In the above picture, this hotshoe adaptor not only has a sync terminal, it also has an optical slave. This device cost about $20. The optical slave is also useful, and it is the cheap alternative to the Nikon SU-4 device (which cost about $180). When the optical slave optically detects that a flash has been fired, it would then trigger the flash mounted on the adaptor. With this device, you can also trigger your flash wirelessly, but what you need is line of sight between the flash that is being fired and the optical slave. In bright outdoors environment, the optical slave may not work very well.

Flashes for strobbing

Ever since David Hobby started the strobist, there has been a rise in the number of people who use off-camera flash strobes, and with that came the demand for old flashes to be used as strobes. You could, of course, spend 2 to 5 times more just to get the latest speedlight, but because a lot of strobbing depends on manual flash settings, an old flash would do just as well. With David Hobby telling the strobist world to "Steal This Flash - The Nikon SB-24", these older models of Nikon flashes have increased in their price on the 2nd hand market.

A brand Nikon SB-600 cost about $350 and a new SB-900 about $680. The SB-800s have been discontinued, but if you can find them at a good price, it is worth getting. Nikon flashes have been known for their consistent output, reliability and durability. Hence, many old Nikon flashes have come back to life as off-camera strobes. These old Nikon flashes go for around $150 each.

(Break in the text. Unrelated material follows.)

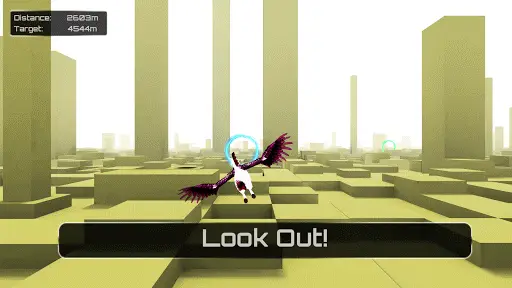 Flying Unicorn Dash screenshot 4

The one thing I look for in the flash for strobbing is that it should have a sync terminal. The reason being that the connection from the Pocket Wizard Plus II to the flash is through this sync terminal. Unfortunately, the SB-600 does not have a sync terminal, and a hotshoe adaptor with a sync terminal has to be used, and the SB-600 to be mounted on the hotshoe adaptor. Not all flashes have this sync terminal, but if you can find any of the following at a good price, it is worth grabbing them.


Nikon SB-24 (1988)
Nikon SB-25 (1992)
Nikon SB-26 (1994)
Nikon SB-28 (1997)
Nikon SB-28DX (1999)
Nikon SB-80DX (2002)
Nikon SB-800 (2003)
Nikon SB-900 (2008)

Friday, February 20, 2009

Street shooting and HDR

Went and did some street shooting with Yapster today (no strobbing stuff in this post) after taking a trip to Nikon Service Center to clean Yapster's D700 sensor. It is interesting to see Yapster do street shooting, and he has an eye to look out for people and things around and capture that moment. A few times I missed a photo opportunity, but he got it!

We also took a trip to Funan and the Peninsular area City Hall MRT, where many camera shops are located. Went to John 3:16 Photo Supplies to inform Samuel that some of my friends would be coming later as Carissa would like to get a D300 for her birthday... Happy birthday Carissa!

Well, I'm new to HDR (High Dynamic Range imaging), and Yapster taught me how to do it. Taking 3 shots using handheld exposure bracketing of -1, 0 and +1, it forms the 3 files to go back and do some HDR editing... and this is one of the pictures of my first attempt at HDR.

Thursday, February 19, 2009

I used to hate flash photography...

When I started in photography, I used to hate the pictures that I took when I had to use the flash because of the lack of available light. I thought at that time that people used flash only to supplement light so that a picture could be taken (I now know that it is only one of the many reasons people use flash!). The reason I did not like to use the flash was that the pictures I took tend to have portions too bright while other portions too dark. Basically, I did not understand the ONE most important aspect of photography... LIGHT!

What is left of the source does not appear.